Aunque, como en toda competencia política siempre hay favoritos y rezagados, el proceso de selección de candidatos del PRI a gobernador, alcaldes, síndicos y regidores y diputados locales de Tamaulipas, que está por iniciarse formalmente, será un proceso abierto que se definirá de acuerdo a los términos y formas señaladas por las reglas del ex partido oficial.
Pero sobre todo conforme a lo que recomienden las circunstancias a la hora de las definiciones, en las que los factores básicos serán el posicionamiento público de los interesados en los puestos que estarán en juego en la contienda y lo que señala la vieja regla política, los que sumen más o los que resten menos.
En ese escenario, algunos de los presuntos prospectos, caso concreto del diputado Carlos González Toral, aspirante priísta a la alcaldía del municipio de Altamira, desarrollan una intensa actividad de promoción de imagen, principalmente entre los habitantes de los sectores pobres de los distritos electorales a los que representan en el Congreso del Estado, en este caso los correspondientes a Madero, Altamira y Aldama.
A través de dos programas, uno denominado Feria de la Salud y otro Quédate Conmigo, el activo legislador tamaulipeco aprovecha el actual receso legislativo para ayudar a las familias que menos tienen con servicios médicos gratuitos, que la propia esposa del funcionario encabeza, entre otros beneficios, así como para proporcionar albergue a los familiares de los pacientes foráneos durante el tiempo en que éstos permanecen en los hospitales de la zona.
No obstante que, a decir de los enterados, la adversaria o contrincante a vencer en la lucha interna por el puesto de Armando López Flores es la Secretaria de Desarrollo Social y Humano, Griselda Carrillo Reyes, González Toral no se amilana, por el contrario, se crece ante la eventual inconveniencia o dificultad que todo indica que enmarcará la disputa de la candidatura edilicia.
Porque, como el mismo servidor público ha comentado, es en los mares embravecidos y agitados en los que se forjan los buenos marineros.
A pesar de que aún están lejos las fechas de las postulaciones, en el municipio de Madero ya empieza a vislumbrarse también la probable terna de los prospectos a los que podría echar mano el Revolucionario Institucional para conservar en poder tricolor la presidencia municipal que actualmente preside Mario Nery Castilla.
El Secretario General de la Sección Uno, Humberto Oliva Barreda, sería el abanderado del sindicato petrolero, el diputado Erasmo González Robledo, el del grupo del ex alcalde Guadalupe González Galván y parte de la sociedad civil, y la diputada federal electa, Monteserrat Arcos Vázquez, eventual tercero en discordia, que entraría al quite para resolver una posible polarización de las fuerzas del partido que gobierna el Estado y el país.
La reincorporación de la Maestra Magdalena Peraza Guerra al equipo de trabajo del Gobierno del Estado, por otra parte, le ha metido ruido a la lucha de los militantes del tricolor por el cargo de Gustavo Torres Salinas.
La encomienda indica que la ex alcaldesa porteña será otra vez uno de los factores que influirán en la designación del próximo candidato al gobierno de la ciudad y de la planilla de aspirantes al ayuntamiento.
No hay que olvidar, además, que tendrá igualmente mucho que ver en el desenlace de las candidaturas municipales quien será el candidato a la gubernatura y, por supuesto, el parecer de los empresarios, empezando por agrupaciones de mayor peso, entre los que destacan la AISTAC, que dirige Luis Apperti Llovet, y el grupo de Eduardo Vela y compañía, que son elementos básicos para que los proyectos políticos priístas lleguen a feliz término en el municipio porteño.

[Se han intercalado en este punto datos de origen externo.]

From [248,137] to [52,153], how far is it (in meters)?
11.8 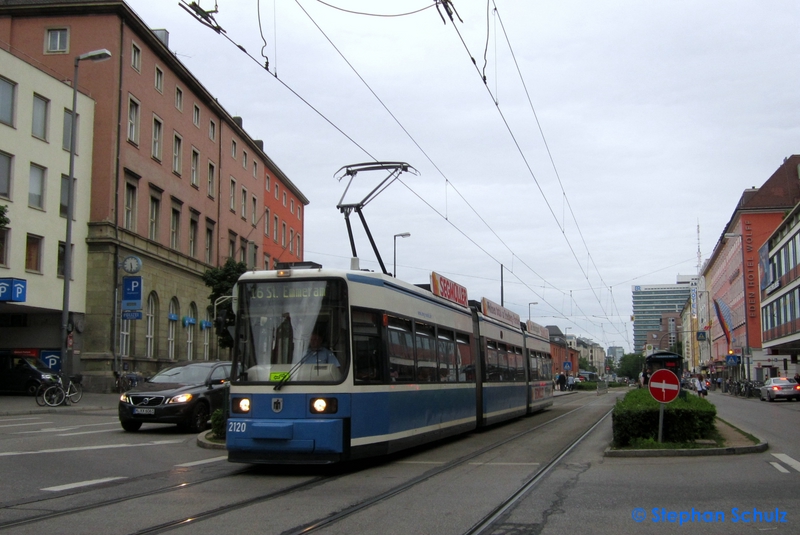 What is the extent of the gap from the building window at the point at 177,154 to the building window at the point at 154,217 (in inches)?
123

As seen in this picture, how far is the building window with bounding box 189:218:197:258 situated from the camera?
159ft

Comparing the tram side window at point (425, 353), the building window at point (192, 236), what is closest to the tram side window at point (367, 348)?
the tram side window at point (425, 353)

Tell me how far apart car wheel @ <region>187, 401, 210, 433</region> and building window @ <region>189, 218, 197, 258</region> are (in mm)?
32149

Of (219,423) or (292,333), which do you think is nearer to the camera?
(292,333)

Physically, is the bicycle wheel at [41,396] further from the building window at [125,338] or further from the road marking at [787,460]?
the road marking at [787,460]

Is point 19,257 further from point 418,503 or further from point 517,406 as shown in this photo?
point 418,503

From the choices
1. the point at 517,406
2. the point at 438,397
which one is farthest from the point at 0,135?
the point at 438,397

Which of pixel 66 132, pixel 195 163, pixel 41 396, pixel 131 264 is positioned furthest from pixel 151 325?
pixel 41 396

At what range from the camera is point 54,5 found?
38500 mm

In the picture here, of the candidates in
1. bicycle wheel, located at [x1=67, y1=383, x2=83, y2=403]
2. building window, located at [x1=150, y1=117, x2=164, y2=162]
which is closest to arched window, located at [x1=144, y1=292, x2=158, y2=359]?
building window, located at [x1=150, y1=117, x2=164, y2=162]

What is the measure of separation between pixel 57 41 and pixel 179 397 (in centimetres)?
2864

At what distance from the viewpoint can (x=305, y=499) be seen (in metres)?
8.62

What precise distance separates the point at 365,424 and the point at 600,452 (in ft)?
16.4

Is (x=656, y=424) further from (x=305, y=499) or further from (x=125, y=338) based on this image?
(x=125, y=338)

En asuntos de otra índole, no obstante que para el gobierno mexicano las reformas constitucionales aprobadas en el 2014 ya están generado beneficios a la población, desde el extranjero, sin embargo, piensan que será hasta dentro de cinco años cuando la medida se reflejará en el crecimiento de la economía.
Y eso lo auguran expertos de algunos bancos europeos, como el español Santander, que han señalado que, dependiendo de la forma en la que se concreten los cambios legales, nuestro país podría empezar a crecer al 5 por ciento anual no antes de un lustro. Es decir, que el presidente Enrique Peña Nieto no alcanzaría a ver el resultado positivo de su obra.

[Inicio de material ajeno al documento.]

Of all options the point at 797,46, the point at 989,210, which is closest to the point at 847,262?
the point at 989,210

Sin embargo, lo que les interesa ahora a las personas de los segmentos pobres de la sociedad, es hasta cuando se dejarán sentir en el bolsillo las bondades de las nuevas disposiciones jurídicas, especialmente de la que ha permitido la apertura energética a la inversión privada extranjera, porque de la correspondiente a la firma del Tratado de Libre Comercio con América del Norte ya llevan veinte años esperándolas y es fecha que no llegan.